Vor 40 Jahren marschierten dort Schwule und Lesben vor der Independence Hall auf, um an historischer Stätte – dort erklärte einst George Washington die Unabhängigkeit der USA von Großbritannien – gegen die Unterdrückung Homosexueller einzutreten. Der Tag wurde zur Geburtsstunde der modernen Queer Nation – also der Abschied vom gebückten Gang durch die heterosexuellen Gesellschaften.

Beck, 44, findet sich in höchst prominenter Gemeinschaft: Melissa Etheridge, Martina Navratilova, Harvey Milk, Stonewall-Veteranin Stormé DeLarverie oder Randy Shilts sind ebenfalls (teils posthum) geehrt worden. An Beck fand das Preiskomitee würdig, dass er die eingetragene Lebenspartnerschaft gegen heterosexuellen Furor in Deutschland als erster Protagonist durchgekämpft hat – was als wichtiger Bruch der deutschen Gesellschaftspolitik mit der Nazitradition des Terrors gegen Schwule bewertet wurde.
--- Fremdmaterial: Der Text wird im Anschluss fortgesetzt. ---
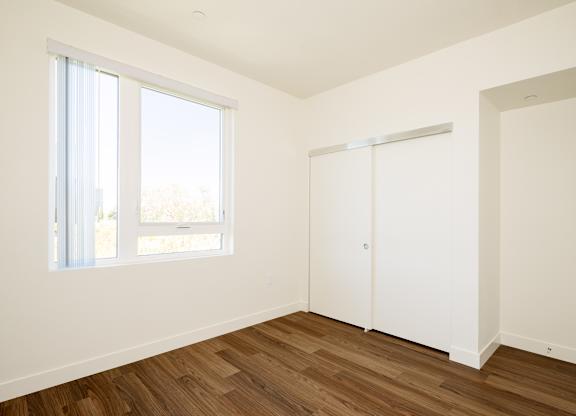 A room with a sliding door and a window.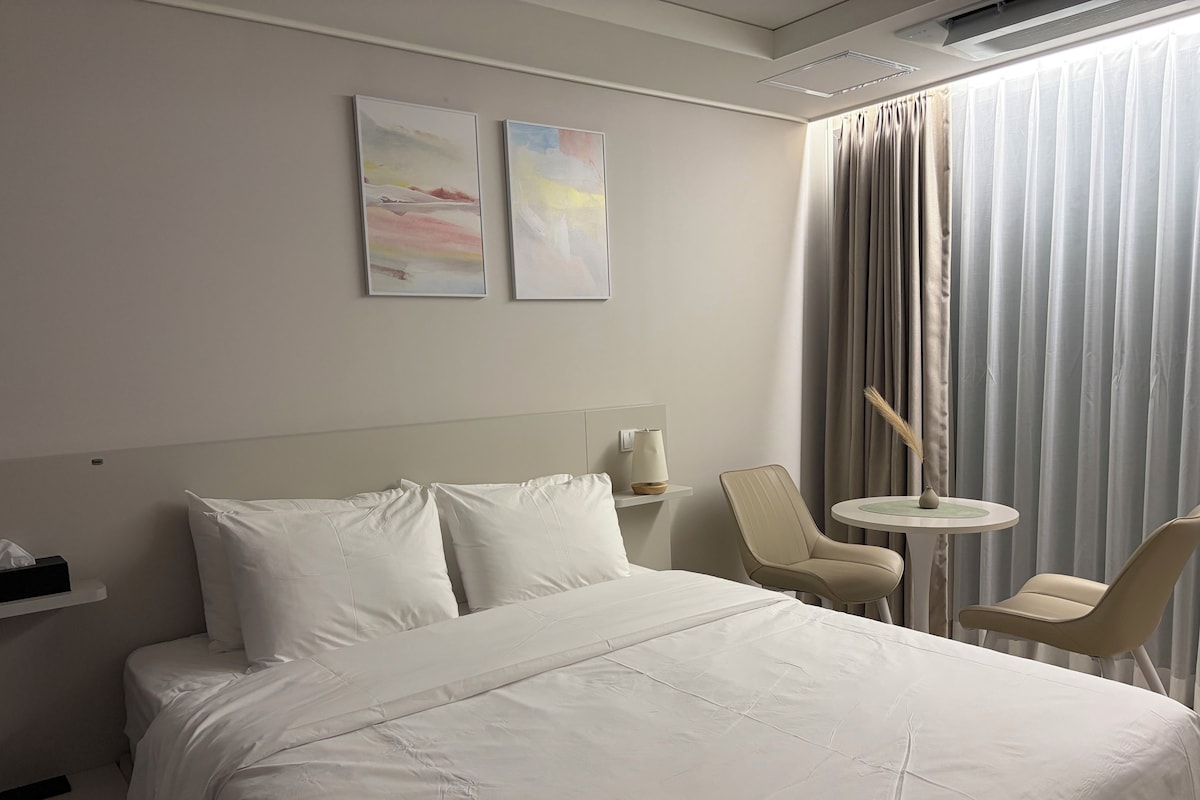 Una habitación de hotel con una cama, dos sillas, una mesita y una lámpara.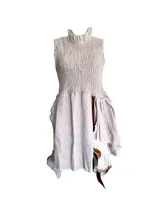 Vestido corto sin mangas de lino natural color beige, con corpiño fruncido, cuello alto con volante y falda de caída irregular con aplicaciones de cuero y pelo.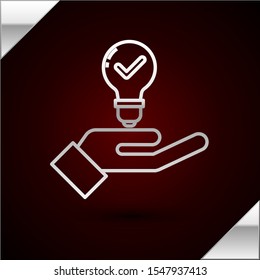 Silver line Light bulb in hand icon isolated on dark red background. Concept of idea.  Vector Illustration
Dass Becks Auszeichnung in keiner Nachrichtensendung Erwähnung fand, mag auch damit zu tun haben, dass die Konservativen ihn hassen – wie ihn so genannte Linke aus dem Homospektrum verabscheuen, weil er ihrem Bild vom Homokämpfer nicht entspricht: keine Tunte, kein schräger Vogel, keine Person, die sich zur Ikone des Schrillen zu eignen scheint. Bei manchen Kritikern wütet natürlich auch Kummer: Er hat den Job, den die anderen nie bekamen: ein eher unnahbarer und machtbewusster Politiker, der sich nicht allein auf Homofragen beschränkt, sondern beispielsweise auch die Verhandlungen für die Zwangsarbeiterentschädigung zugunsten der Opfer mit bestimmte. Ein kühl operierender Bürgerrechtsmann, für den die Entfaltung einer schwulen Ästhetik politische Gesetze nicht ersetzt.